About this task
Give back the line in the listing below that contains "Buy Octave Olive" and all remaining lines, retyped exactly, through the last line.

Provided entries

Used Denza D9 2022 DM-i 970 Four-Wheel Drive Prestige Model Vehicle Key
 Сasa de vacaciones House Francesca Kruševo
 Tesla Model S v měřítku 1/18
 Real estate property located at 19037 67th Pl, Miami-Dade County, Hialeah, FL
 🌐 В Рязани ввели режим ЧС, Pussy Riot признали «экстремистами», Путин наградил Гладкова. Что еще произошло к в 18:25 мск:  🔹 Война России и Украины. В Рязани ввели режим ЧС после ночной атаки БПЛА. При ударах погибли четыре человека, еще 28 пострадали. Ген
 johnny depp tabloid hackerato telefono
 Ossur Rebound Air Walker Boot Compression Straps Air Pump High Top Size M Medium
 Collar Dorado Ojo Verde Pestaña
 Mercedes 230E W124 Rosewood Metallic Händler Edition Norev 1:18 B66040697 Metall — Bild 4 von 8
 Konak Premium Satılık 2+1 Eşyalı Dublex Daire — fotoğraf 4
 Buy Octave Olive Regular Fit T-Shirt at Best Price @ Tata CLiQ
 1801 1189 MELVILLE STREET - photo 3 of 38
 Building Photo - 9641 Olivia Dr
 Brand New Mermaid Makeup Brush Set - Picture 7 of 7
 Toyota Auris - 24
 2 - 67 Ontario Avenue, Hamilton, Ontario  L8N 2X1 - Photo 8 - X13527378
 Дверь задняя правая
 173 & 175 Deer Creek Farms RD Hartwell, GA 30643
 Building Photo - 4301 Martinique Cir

Answer box
 Buy Octave Olive Regular Fit T-Shirt at Best Price @ Tata CLiQ
 1801 1189 MELVILLE STREET - photo 3 of 38
 Building Photo - 9641 Olivia Dr
 Brand New Mermaid Makeup Brush Set - Picture 7 of 7
 Toyota Auris - 24
 2 - 67 Ontario Avenue, Hamilton, Ontario  L8N 2X1 - Photo 8 - X13527378
 Дверь задняя правая
 173 & 175 Deer Creek Farms RD Hartwell, GA 30643
 Building Photo - 4301 Martinique Cir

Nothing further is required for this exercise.